What to work on: Every line from the one holding "Toyota RAV4 thumbnail 10" through the one holding "smart travel tips saving time and money" in the data below must be returned exactly, both ends included, with pictures left out and nothing else added.

Extracted data:
★ ★ ★ ★

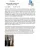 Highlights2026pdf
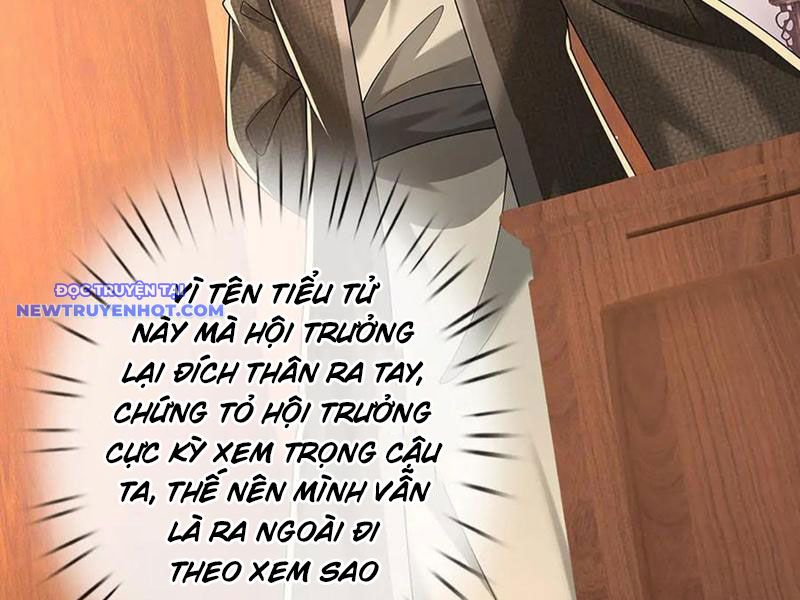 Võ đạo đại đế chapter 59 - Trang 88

★ ★ ★ ★

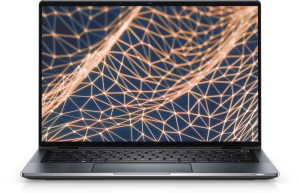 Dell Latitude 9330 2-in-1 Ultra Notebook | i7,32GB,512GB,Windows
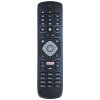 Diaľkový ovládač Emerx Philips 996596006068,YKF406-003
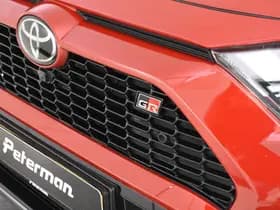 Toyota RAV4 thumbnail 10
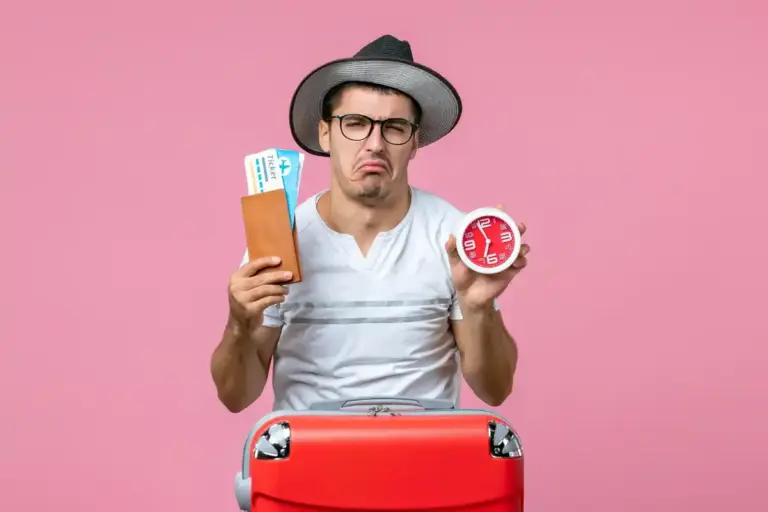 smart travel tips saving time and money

★ ★ ★ ★

Reply to the exercise:
 Toyota RAV4 thumbnail 10
 smart travel tips saving time and money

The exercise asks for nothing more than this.